Analysts say that in Europe the rise in online sales has been coupled with an increase in selling space, as retailers invest in physical shops to stimulate both online and offline sales.

The space, measured in square meters, edged up almost 1 percent from 2022 to 2023, an increase that should extend to 2.7 percent by 2028, data from market research company Euromonitor shows.

Shares in digital and delivery firms led gains during the pandemic, alongside those of vaccine-making pharmaceutical companies.

ALSO READ: Toward contactless, cashless society

Five years on, some pandemic-era gainers have lost most of their appeal, but others have enjoyed lasting gains as new markets enabled by the digital shift have opened up.

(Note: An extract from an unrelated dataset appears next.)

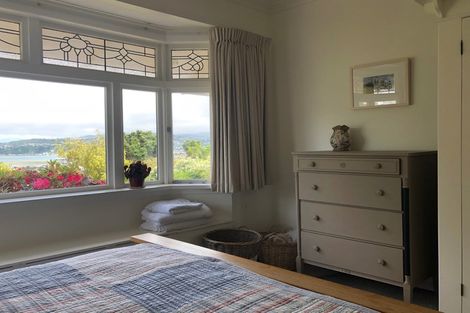 Photo of property in 25 Seatoun Heights Road, Miramar, Wellington, 6022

Despite the bursting of some bubbles and the collapse of crypto exchange FTX, which left the industry reeling, the value of Bitcoin has increased by 1,233 percent since December 2019, as people looked at new investment opportunities to cut the risk of market volatility.

Stuck at home and with more cash on hand, people also began investing more, with roughly 27 percent of total US equity trading coming from retail investors in December 2020. Stockbroker TD Ameritrade took the biggest slice of the cake before being acquired by Charles Schwab in a $26 billion deal.

Another platform which gained popularity during the retail trading boom of 2021 is Robinhood, which became the platform of choice for people to pump money into meme stocks.